::: Study material

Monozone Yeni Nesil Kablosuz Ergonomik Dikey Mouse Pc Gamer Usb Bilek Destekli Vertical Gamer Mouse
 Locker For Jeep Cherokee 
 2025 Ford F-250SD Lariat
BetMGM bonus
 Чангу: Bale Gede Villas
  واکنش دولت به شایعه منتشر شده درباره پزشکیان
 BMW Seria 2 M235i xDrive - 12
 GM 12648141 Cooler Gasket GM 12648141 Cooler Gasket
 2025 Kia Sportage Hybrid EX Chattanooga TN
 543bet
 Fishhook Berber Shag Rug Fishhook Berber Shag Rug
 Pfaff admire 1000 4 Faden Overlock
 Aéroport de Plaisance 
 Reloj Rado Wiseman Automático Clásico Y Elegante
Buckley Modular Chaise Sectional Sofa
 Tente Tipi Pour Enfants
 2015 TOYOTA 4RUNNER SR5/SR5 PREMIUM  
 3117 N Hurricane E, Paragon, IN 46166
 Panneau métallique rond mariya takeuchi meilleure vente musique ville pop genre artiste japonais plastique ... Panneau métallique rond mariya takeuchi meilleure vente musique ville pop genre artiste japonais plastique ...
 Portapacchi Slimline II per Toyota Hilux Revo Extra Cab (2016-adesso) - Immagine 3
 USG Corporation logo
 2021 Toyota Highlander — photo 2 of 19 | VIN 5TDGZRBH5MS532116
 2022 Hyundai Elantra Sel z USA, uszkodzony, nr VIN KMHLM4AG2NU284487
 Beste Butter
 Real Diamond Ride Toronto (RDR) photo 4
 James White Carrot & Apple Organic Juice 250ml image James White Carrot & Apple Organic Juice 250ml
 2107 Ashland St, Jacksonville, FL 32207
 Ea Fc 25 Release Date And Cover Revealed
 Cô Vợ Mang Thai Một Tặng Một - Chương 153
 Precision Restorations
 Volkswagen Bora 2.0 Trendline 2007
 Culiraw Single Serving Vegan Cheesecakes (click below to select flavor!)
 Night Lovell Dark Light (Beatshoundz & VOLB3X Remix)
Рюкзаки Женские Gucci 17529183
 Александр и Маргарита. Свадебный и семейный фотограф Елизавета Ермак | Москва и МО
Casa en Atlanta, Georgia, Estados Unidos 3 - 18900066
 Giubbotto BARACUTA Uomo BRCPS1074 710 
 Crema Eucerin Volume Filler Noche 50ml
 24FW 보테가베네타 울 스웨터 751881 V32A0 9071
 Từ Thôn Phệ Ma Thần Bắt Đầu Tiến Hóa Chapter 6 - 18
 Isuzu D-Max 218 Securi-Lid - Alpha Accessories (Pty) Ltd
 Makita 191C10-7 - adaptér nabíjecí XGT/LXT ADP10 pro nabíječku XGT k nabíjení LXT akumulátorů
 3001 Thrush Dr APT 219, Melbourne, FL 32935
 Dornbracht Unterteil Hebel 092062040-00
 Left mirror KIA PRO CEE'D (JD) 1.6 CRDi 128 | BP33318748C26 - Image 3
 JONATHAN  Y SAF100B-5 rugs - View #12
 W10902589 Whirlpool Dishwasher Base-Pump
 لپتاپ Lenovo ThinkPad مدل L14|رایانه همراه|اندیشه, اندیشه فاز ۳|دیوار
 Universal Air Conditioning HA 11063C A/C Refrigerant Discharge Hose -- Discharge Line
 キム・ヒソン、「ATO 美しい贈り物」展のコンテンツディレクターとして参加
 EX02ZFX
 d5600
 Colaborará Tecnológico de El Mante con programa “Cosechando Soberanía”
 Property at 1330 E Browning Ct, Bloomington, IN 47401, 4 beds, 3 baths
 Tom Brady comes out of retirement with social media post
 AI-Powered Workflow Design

::::::

§ Task goal: Each line of the listing must appear in the answer exactly as above.

§ Your response:
Monozone Yeni Nesil Kablosuz Ergonomik Dikey Mouse Pc Gamer Usb Bilek Destekli Vertical Gamer Mouse
 Locker For Jeep Cherokee 
 2025 Ford F-250SD Lariat
BetMGM bonus
 Чангу: Bale Gede Villas
  واکنش دولت به شایعه منتشر شده درباره پزشکیان
 BMW Seria 2 M235i xDrive - 12
 GM 12648141 Cooler Gasket GM 12648141 Cooler Gasket
 2025 Kia Sportage Hybrid EX Chattanooga TN
 543bet
 Fishhook Berber Shag Rug Fishhook Berber Shag Rug
 Pfaff admire 1000 4 Faden Overlock
 Aéroport de Plaisance 
 Reloj Rado Wiseman Automático Clásico Y Elegante
Buckley Modular Chaise Sectional Sofa
 Tente Tipi Pour Enfants
 2015 TOYOTA 4RUNNER SR5/SR5 PREMIUM  
 3117 N Hurricane E, Paragon, IN 46166
 Panneau métallique rond mariya takeuchi meilleure vente musique ville pop genre artiste japonais plastique ... Panneau métallique rond mariya takeuchi meilleure vente musique ville pop genre artiste japonais plastique ...
 Portapacchi Slimline II per Toyota Hilux Revo Extra Cab (2016-adesso) - Immagine 3
 USG Corporation logo
 2021 Toyota Highlander — photo 2 of 19 | VIN 5TDGZRBH5MS532116
 2022 Hyundai Elantra Sel z USA, uszkodzony, nr VIN KMHLM4AG2NU284487
 Beste Butter
 Real Diamond Ride Toronto (RDR) photo 4
 James White Carrot & Apple Organic Juice 250ml image James White Carrot & Apple Organic Juice 250ml
 2107 Ashland St, Jacksonville, FL 32207
 Ea Fc 25 Release Date And Cover Revealed
 Cô Vợ Mang Thai Một Tặng Một - Chương 153
 Precision Restorations
 Volkswagen Bora 2.0 Trendline 2007
 Culiraw Single Serving Vegan Cheesecakes (click below to select flavor!)
 Night Lovell Dark Light (Beatshoundz & VOLB3X Remix)
Рюкзаки Женские Gucci 17529183
 Александр и Маргарита. Свадебный и семейный фотограф Елизавета Ермак | Москва и МО
Casa en Atlanta, Georgia, Estados Unidos 3 - 18900066
 Giubbotto BARACUTA Uomo BRCPS1074 710 
 Crema Eucerin Volume Filler Noche 50ml
 24FW 보테가베네타 울 스웨터 751881 V32A0 9071
 Từ Thôn Phệ Ma Thần Bắt Đầu Tiến Hóa Chapter 6 - 18
 Isuzu D-Max 218 Securi-Lid - Alpha Accessories (Pty) Ltd
 Makita 191C10-7 - adaptér nabíjecí XGT/LXT ADP10 pro nabíječku XGT k nabíjení LXT akumulátorů
 3001 Thrush Dr APT 219, Melbourne, FL 32935
 Dornbracht Unterteil Hebel 092062040-00
 Left mirror KIA PRO CEE'D (JD) 1.6 CRDi 128 | BP33318748C26 - Image 3
 JONATHAN  Y SAF100B-5 rugs - View #12
 W10902589 Whirlpool Dishwasher Base-Pump
 لپتاپ Lenovo ThinkPad مدل L14|رایانه همراه|اندیشه, اندیشه فاز ۳|دیوار
 Universal Air Conditioning HA 11063C A/C Refrigerant Discharge Hose -- Discharge Line
 キム・ヒソン、「ATO 美しい贈り物」展のコンテンツディレクターとして参加
 EX02ZFX
 d5600
 Colaborará Tecnológico de El Mante con programa “Cosechando Soberanía”
 Property at 1330 E Browning Ct, Bloomington, IN 47401, 4 beds, 3 baths
 Tom Brady comes out of retirement with social media post
 AI-Powered Workflow Design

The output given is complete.